Using random forest to model the domain applicability of another random forest model.

In QSAR, a statistical model is generated from a training set of molecules (represented by chemical descriptors) and their biological activities. We will call this traditional type of QSAR model an "activity model". The activity model can be used to predict the activities of molecules not in the training set. A relatively new subfield for QSAR is domain applicability. The aim is to estimate the reliability of prediction of a specific molecule on a specific activity model. A number of different metrics have been proposed in the literature for this purpose. It is desirable to build a quantitative model of reliability against one or more of these metrics. We can call this an "error model". A previous publication from our laboratory (Sheridan J. Chem.
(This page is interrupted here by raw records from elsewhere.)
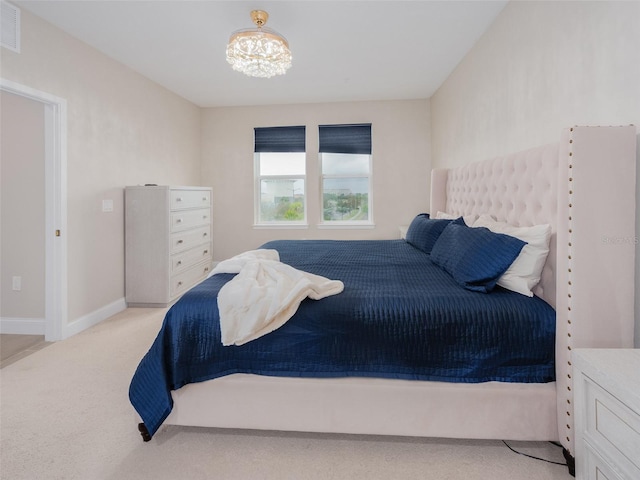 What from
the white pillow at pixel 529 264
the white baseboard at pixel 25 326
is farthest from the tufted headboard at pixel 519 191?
the white baseboard at pixel 25 326

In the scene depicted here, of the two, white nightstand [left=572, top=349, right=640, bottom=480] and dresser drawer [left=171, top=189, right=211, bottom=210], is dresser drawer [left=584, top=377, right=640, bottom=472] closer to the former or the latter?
white nightstand [left=572, top=349, right=640, bottom=480]

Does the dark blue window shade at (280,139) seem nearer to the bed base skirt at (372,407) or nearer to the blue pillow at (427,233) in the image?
the blue pillow at (427,233)

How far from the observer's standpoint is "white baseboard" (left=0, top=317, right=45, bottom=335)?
331 cm

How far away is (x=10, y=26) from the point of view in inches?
104

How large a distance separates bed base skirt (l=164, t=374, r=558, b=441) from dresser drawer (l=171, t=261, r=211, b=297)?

Inf. Model., 2012, 52, 814-823.) suggested the simultaneous use of three metrics would be more discriminating than any one metric. An error model could be built in the form of a three-dimensional set of bins. When the number of metrics exceeds three, however, the bin paradigm is not practical. An obvious solution for constructing an error model using multiple metrics is to use a QSAR method, in our case random forest. In this paper we demonstrate the usefulness of this paradigm, specifically for determining whether a useful error model can be built and which metrics are most useful for a given problem. For the ten data sets and for the seven metrics we examine here, it appears that it is possible to construct a useful error model using only two metrics (TREE_SD and PREDICTED). These do not require calculating similarities/distances between the molecules being predicted and the molecules used to build the activity model, which can be rate-limiting.